**** Exercise inputs
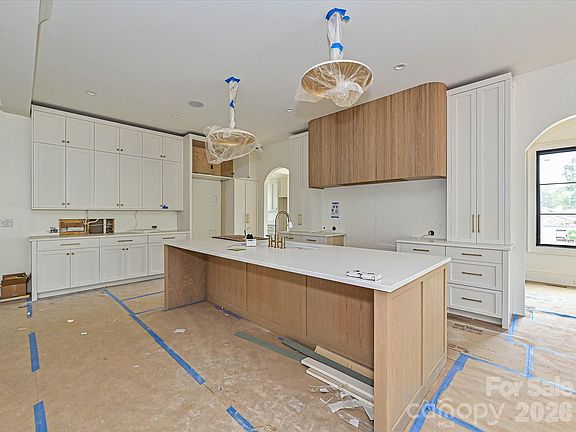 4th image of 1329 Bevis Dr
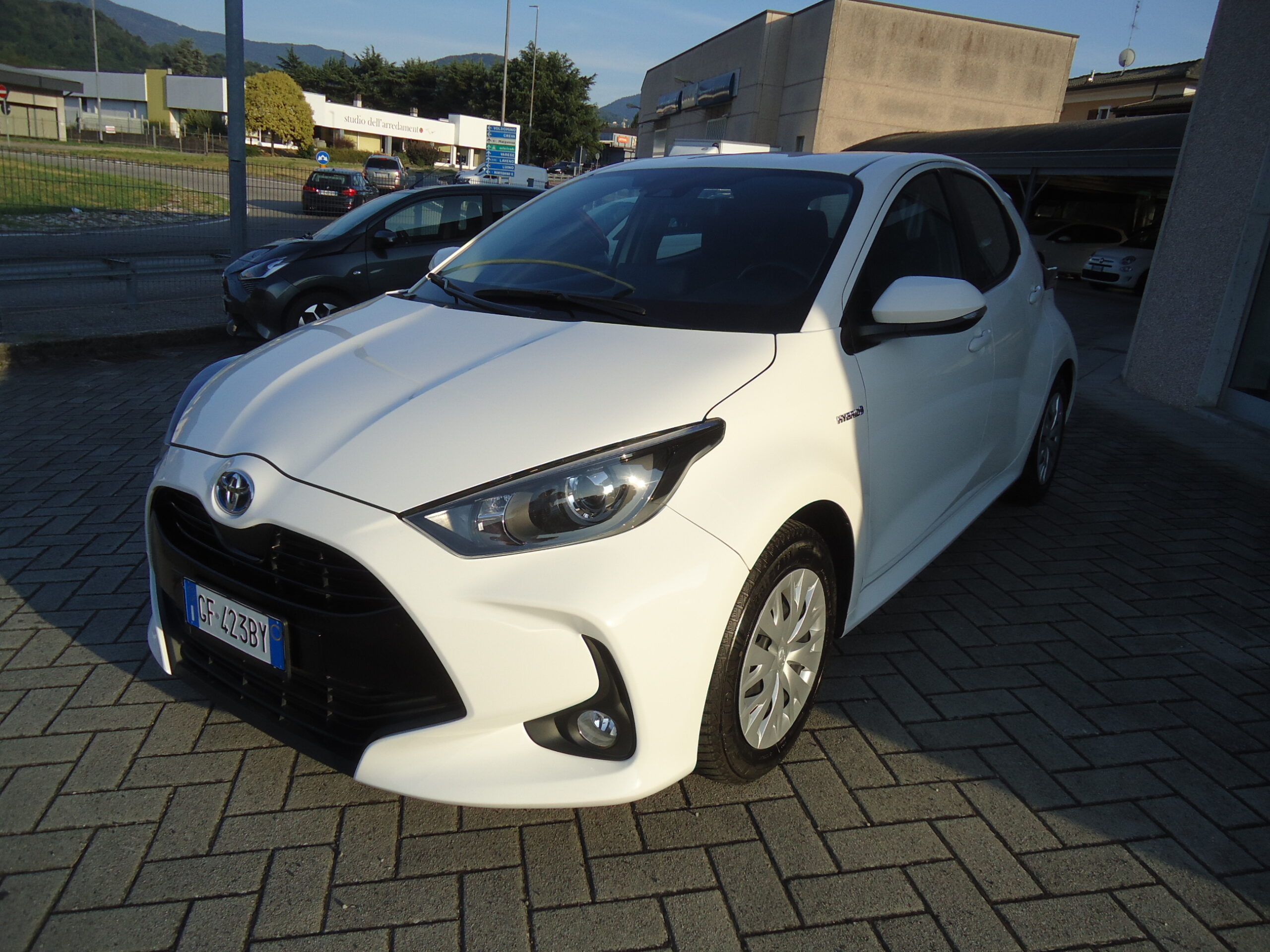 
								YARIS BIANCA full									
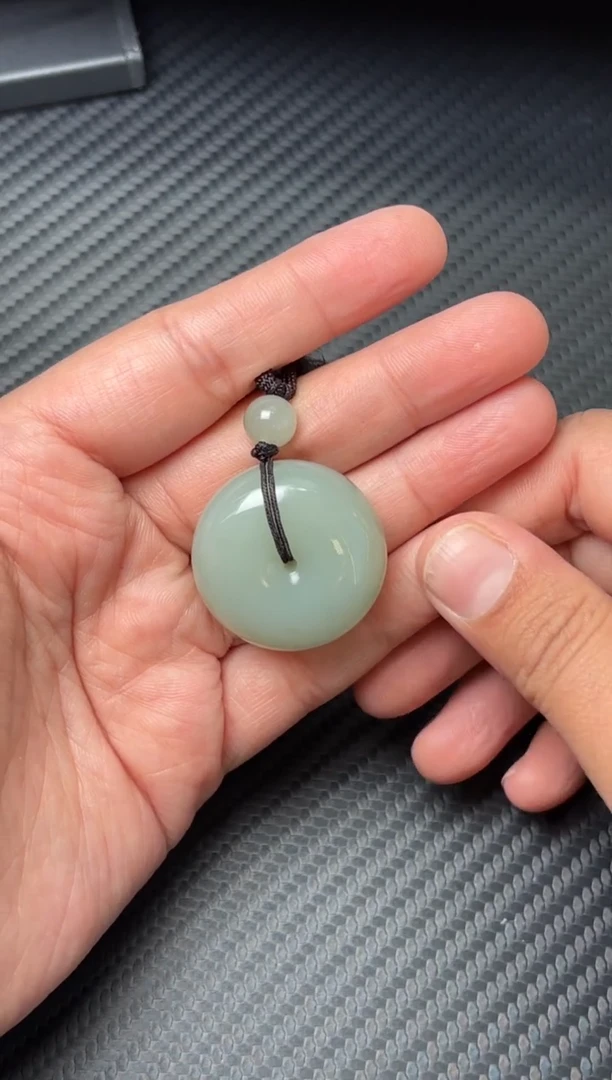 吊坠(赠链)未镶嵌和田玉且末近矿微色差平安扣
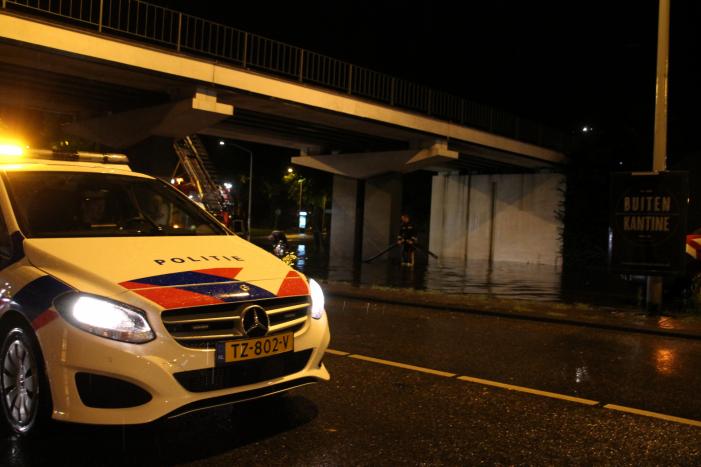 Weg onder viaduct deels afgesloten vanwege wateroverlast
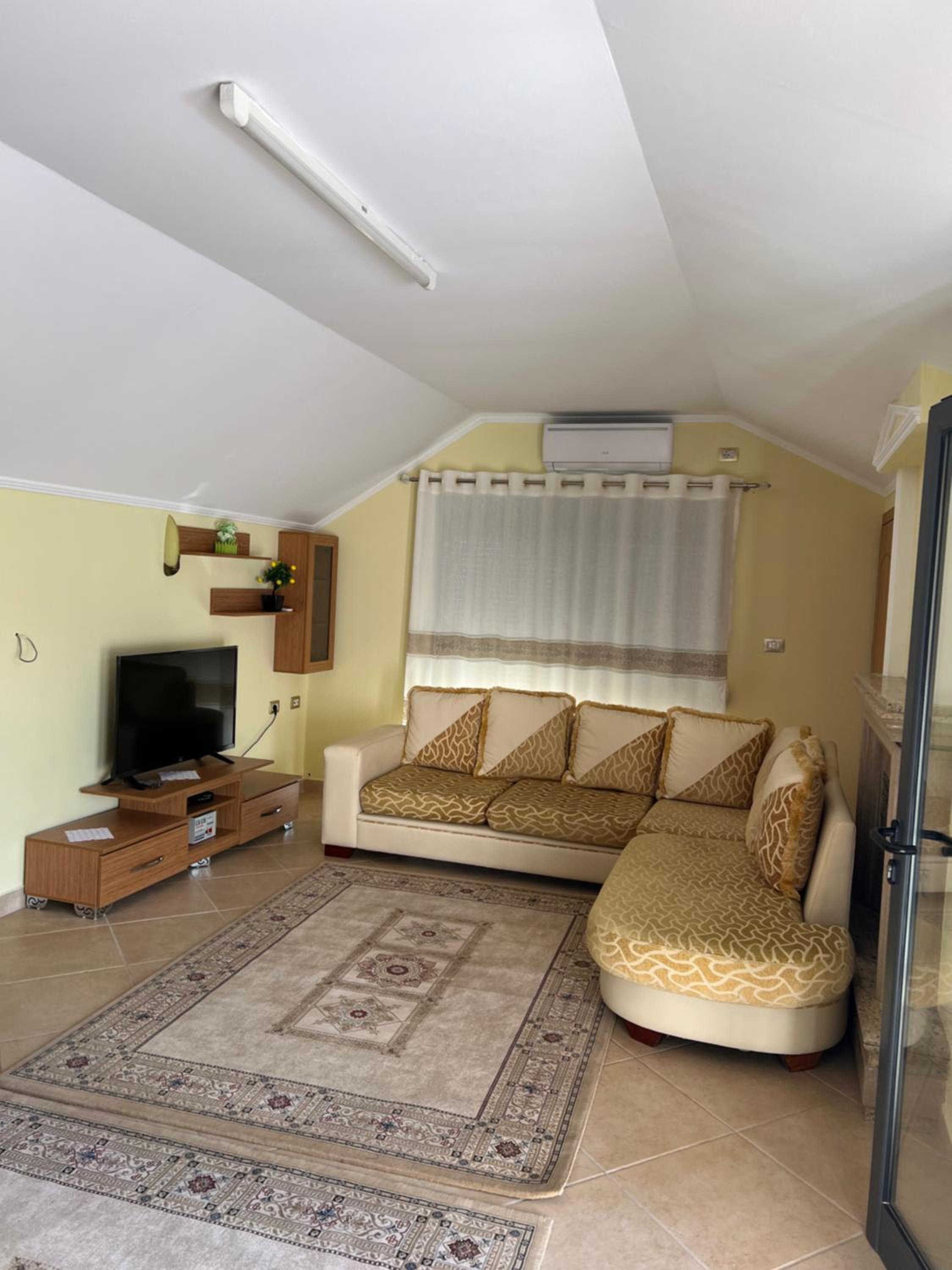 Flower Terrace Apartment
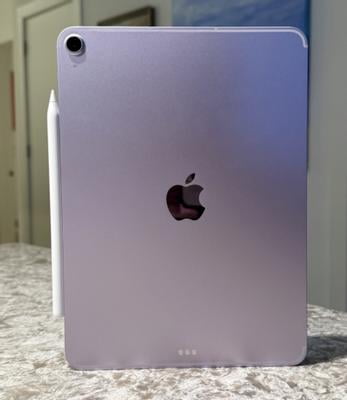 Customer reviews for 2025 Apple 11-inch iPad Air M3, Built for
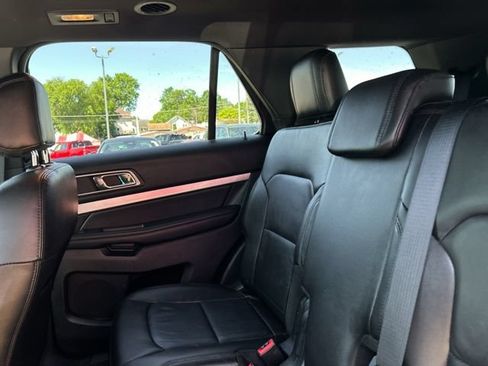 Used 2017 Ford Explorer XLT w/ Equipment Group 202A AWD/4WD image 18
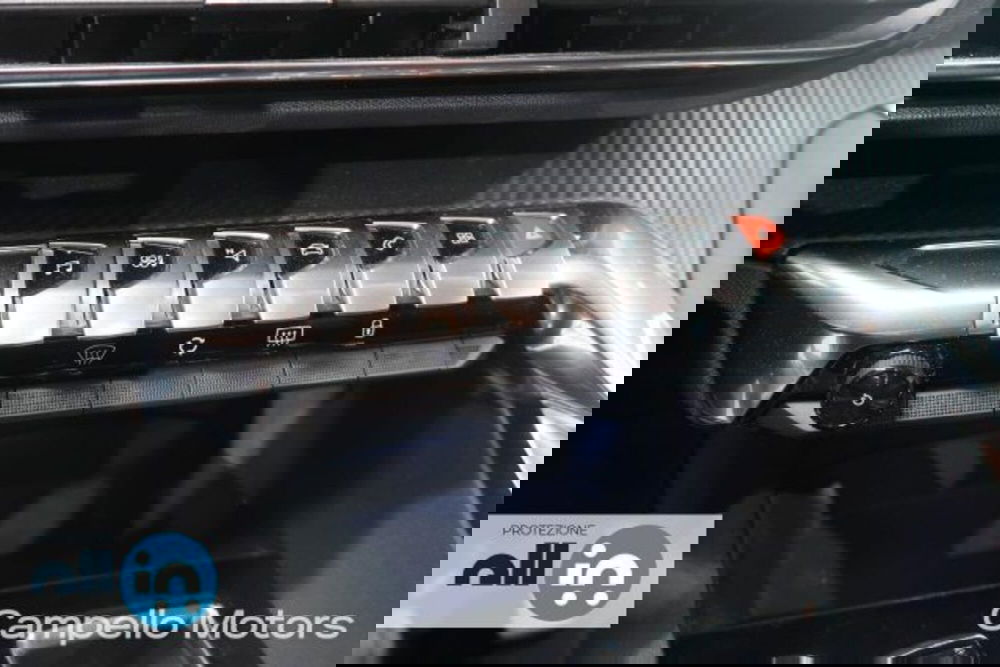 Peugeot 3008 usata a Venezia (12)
********
*About this exercise*:
Only the lines from the one containing "Customer reviews for" through the end of the listing above should be reproduced, exactly as they stand. Leave the pictures out.

*Problem solution*:
 Customer reviews for 2025 Apple 11-inch iPad Air M3, Built for
 Used 2017 Ford Explorer XLT w/ Equipment Group 202A AWD/4WD image 18
 Peugeot 3008 usata a Venezia (12)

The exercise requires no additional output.